Une partie de l’argumentation d’Élisabeth Cauly et d’Elizabeth Oster était fondée sur la violation des principes essentiels du droit électoral, du fait de l’irrégularité des opérations de vote électronique. Les divers arguments avancés étaient notamment fondés sur un rapport, établi à la demande de deux autres candidats, Nathalie Roret et Olivier Cousi, qui n’avaient pas contesté l’élection.

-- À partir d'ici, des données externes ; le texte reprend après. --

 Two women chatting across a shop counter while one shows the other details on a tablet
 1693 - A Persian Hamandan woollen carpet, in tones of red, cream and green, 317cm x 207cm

L’expert qu’ils avaient mandaté avait néanmoins assisté à une partie des opérations liées au scrutin et avait considéré qu’elles ne garantissaient pas le caractère secret du vote ni la sincérité du scrutin et que les exigences de la CNIL n’avaient pas été respectées. La cour écarte les remarques contenues dans le rapport, estimant qu’il n’est pas contradictoire et qu’il a été établi à la demande de tiers au litige ne contestant pas l’élection. 

Pourvoi en cassation

Les requérantes ont annoncé leur déception. « La cour a botté en touche sur les problèmes essentiels et notamment sur l’application des principes généraux du droit électoral. En outre, demander de prouver l’atteinte à la sincérité du scrutin est impossible », estime Me Oster. Concernant la partie sur le vote électronique, Élisabeth Cauly se dit « étonnée par le traitement différencié des rapports ». « Les rapports de l’Ordre n’étaient pas plus contradictoires que ceux que nous avons produits, mais ils ont été pris en compte. Par ailleurs, la cour a complètement éludé la question qui était posée de l’absence de sauvegarde, par la société qui organisait le scrutin, de l’intégralité des résultats du premier tour. » Les avocates ont dit envisager « sérieusement » un pourvoi « dans l’intérêt du barreau ».